Macht gutes Material Spiele wirklich besser?

Mathias - CliquenabendLetztens habe ich mir mal meine Übersicht auf Kickstarter angesehen, um mir einen Überblick zu verschaffen, was eigentlich in nächster Zeit noch so alles an Paketen zu mir kommen müsste. Versteht mich da nicht falsch – im Vergleich zu vielen anderen Brettspielfans habe ich vermutlich so wenige unterstützte Kampagnen, dass darüber nur müde gelächelt werden würde.

Aber wenn mir jemand vor drei Jahren erzählt hätte, dass ich über 20 Projekte auf Kickstarter unterstützt haben werde (von denen aktuell noch neun ausstehen), hätte ich irritiert mit dem Kopf geschüttelt. Und da kommen ja auch noch 15 Projekte in der Spieleschmiede (hier steht seit Beginn dieser Woche nur noch ein aktuelles Projekt aus) dazu. Der Grund, warum es bei einigen Spielen dazu gekommen ist, ist aber zumindest bei vielen Kampagnen und Projekten ein ganz bestimmter: Das bessere Material!

Ich gebe zu: Ich bin immer wieder in einer Findungsphase, was das Verbessern von Material in Spielen und Zusatzmaterial betrifft. Mal sleeve ich Spiele, mal finde ich es nicht gut, Plastikhüllen zu kaufen, um Papier hinein zu stecken. Und immer wieder gibt es die ein oder andere Phase, wo ich das allgemeine Material wie Ressourcen in kleine Sammelboxen aus Elektronikläden packe, um es besser auf dem Tisch organisieren zu können – oder ich kaufe Schälchen und andere Aufbewahrungsbehälter. Auch Kartenhalter und spieler:innenbezogene Aufbewahrungsmöglichkeiten befinden sich schon bei mir zu Hause. Alles, um Platz zu sparen oder das Spielerlebnis besser zu machen.

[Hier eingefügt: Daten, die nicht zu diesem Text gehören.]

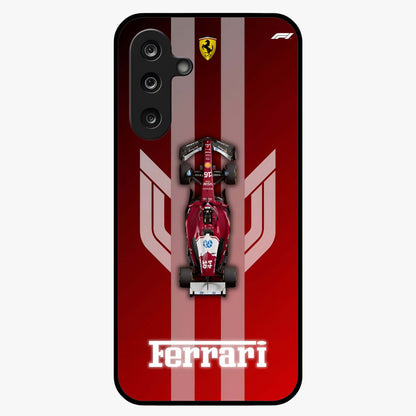 Red Ferrari F1 Vertical Glass Case showing flat back view with sleek Formula racing car artwork and glossy glass finish.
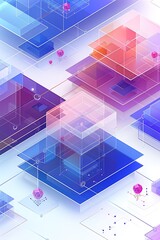 Glassmorphic UI components arranged in isometric layers, floating AI agents and neural nodes, pastel CMYK palette for high resolution posters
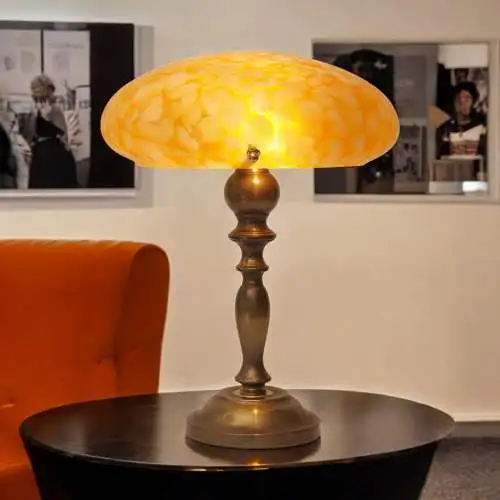 Art Nouveau Art Déco Schreibtischleuchte "ORANGE JAM" Einzelstück Messinglampe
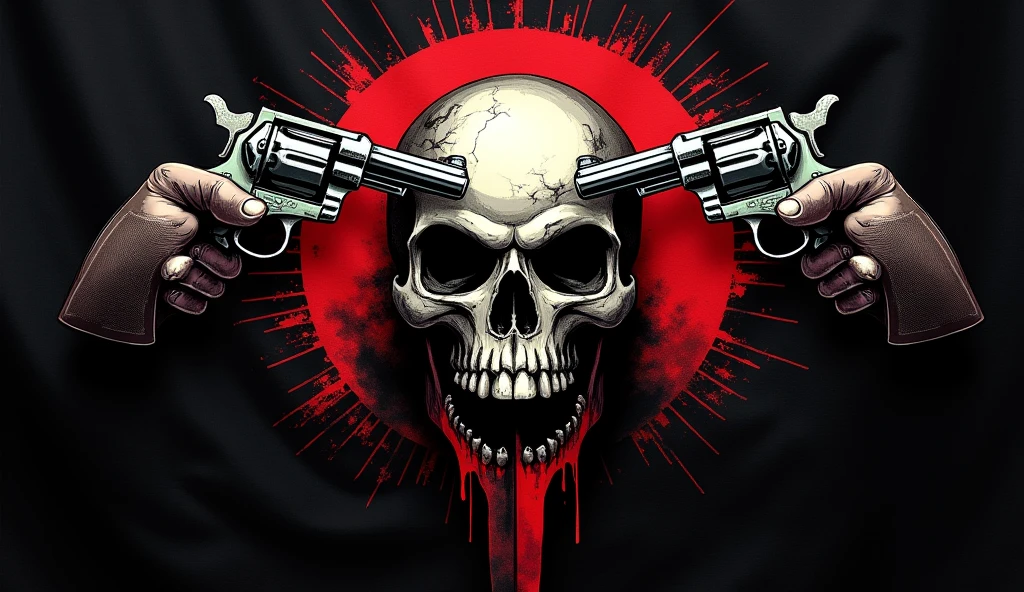 a flag with a black background with a skull holding a sword with two pistols pointing at its head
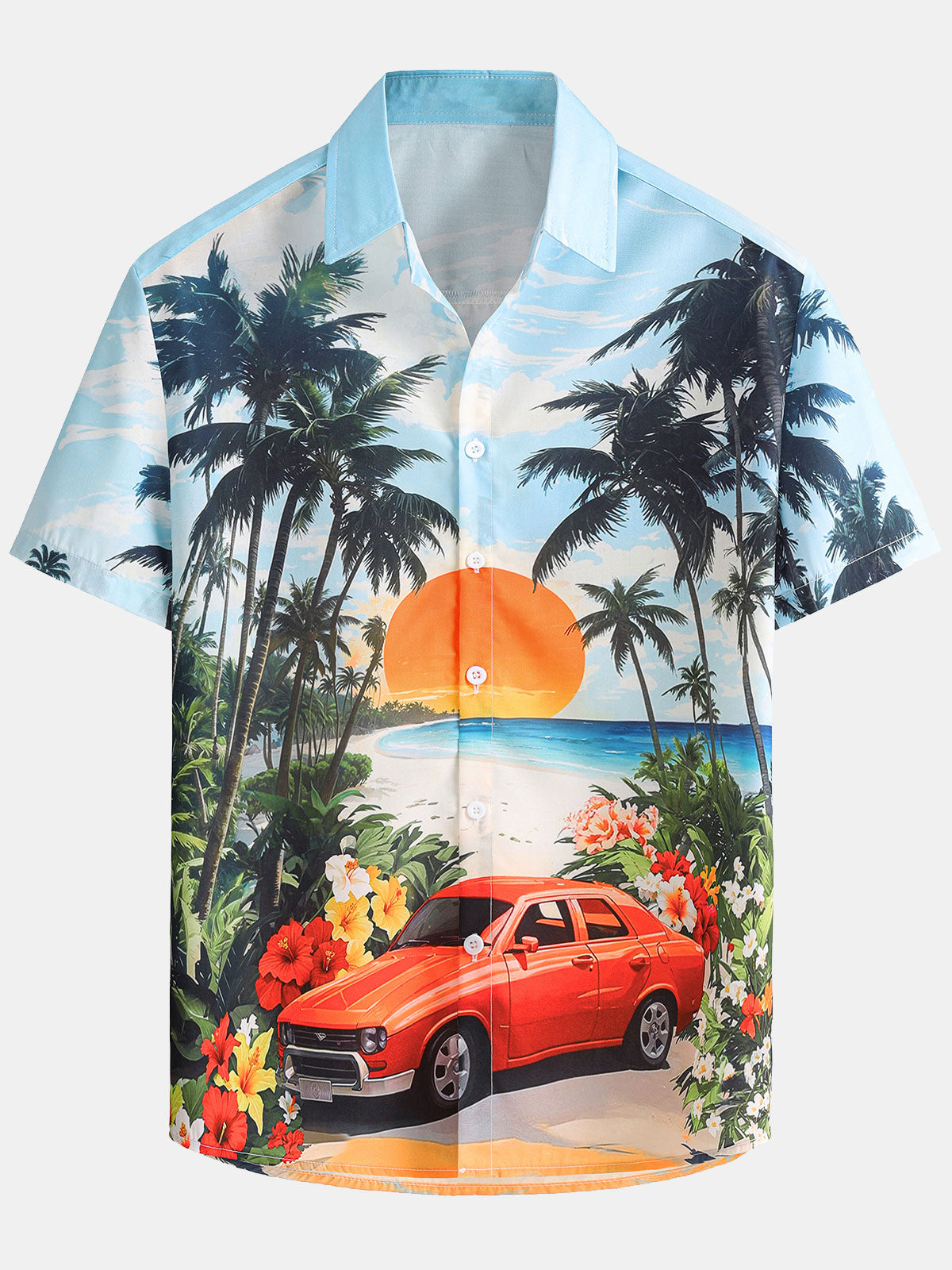 Chemise hawaïenne à manches courtes et imprimé floral tropical pour homme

Ein großer Fan bin ich auch von Metallmünzen, wenn es diese bezogen auf ein Spiel gibt. Und auch das ein oder andere Materialupgrade ist über den BGG-Store oder ähnliches bei mir eingezogen. Ich mag eine schöne Haptik und bin gerne bereit etwas mehr Geld dafür auszugeben. Zum Beispiel ärgere ich mich immer noch über die Tableaus bei Arche Nova, denn das Spiel ist wirklich super und verdient daher auch vollständig gutes Material, für welches ich auch gerne ein paar Euro mehr gezahlt hätte.

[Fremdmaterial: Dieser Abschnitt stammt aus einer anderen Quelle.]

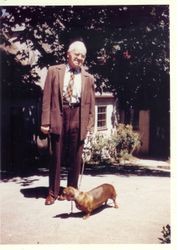 Charles Myers walking his dog in 1968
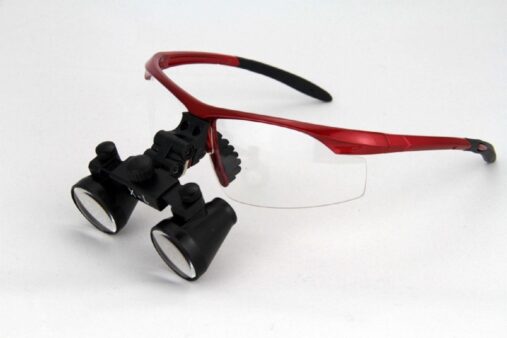 Dental Surgicial Loupe Loupes 2.5x Magnification 16.5 ” (420mm) Working Distance Burgundy Goggles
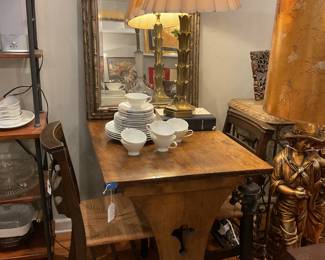 Antique folk art style wood table (30” tall x 36” x 26”) $384 + tax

Aber macht tolles Material umgekehrt auch wirklich immer ein Spiel besser? Ist ein Spiel wie Arche Nova oder auch Terraforming Mars mit den dünnen Plänen unspielbar?! Natürlich nicht. Gibt es hingegen Beispiele zu Spielen, wo das Material wirklich toll ist, aber das Spiel nicht? Oh ja!

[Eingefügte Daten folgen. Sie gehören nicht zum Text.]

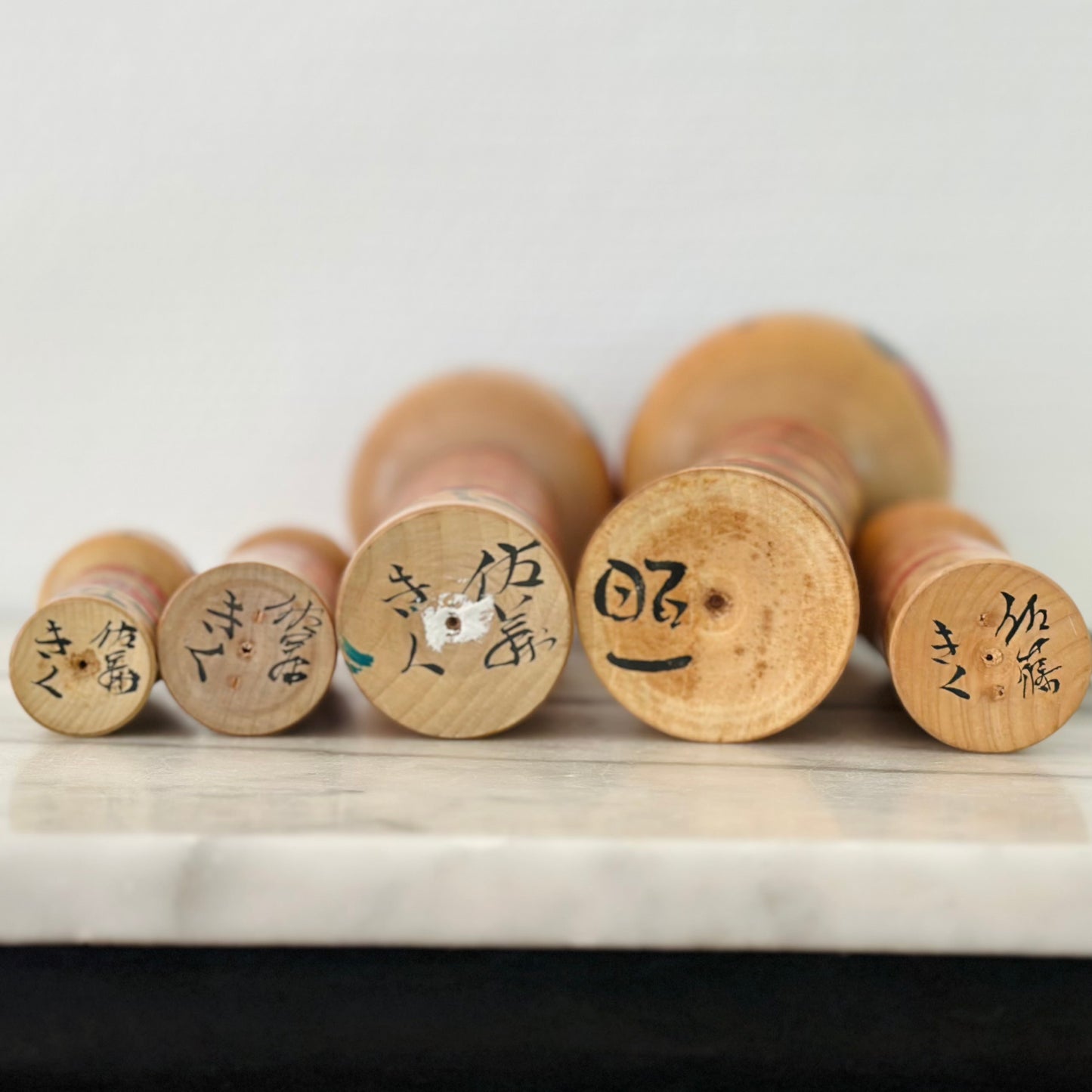 Set of 5 Vintage Japanese Kokeshi Doll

Ein Beispiel aus meiner eigenen Sammlung, was mir da immer in den Sinn kommt, ist Agra, welches bei Quined Games erschienen ist. Das Spiel hatte eigentlich alles: mit Worker Placement und Mehrheiten-Mechanismen, die ich mag, eine optisch ansprechende Gestaltung und vor allem viel schöne Holzmaterialien, die besonders gestaltet waren und ein beeindruckendes dreidimensionales Tableau mit Vertiefungen für Marker und Holzwürfel … und dann habe ich es gespielt – und war fassungslos. Ich wollte es doch mögen, denn es war schön und passte auch zu der Art von Spielen, die ich gerne auf den Tisch bringe. Aber es war nur mühsam. Spaß kam wirklich keiner auf und so wird es allein schon aus Platzgründen mein Regal bald verlassen. Nach nur zwei Partien. Zu mehr konnte ich mich nicht aufraffen … und ich kann nicht erklären, warum es seit über vier Jahren ohne Partie noch bei mir ist.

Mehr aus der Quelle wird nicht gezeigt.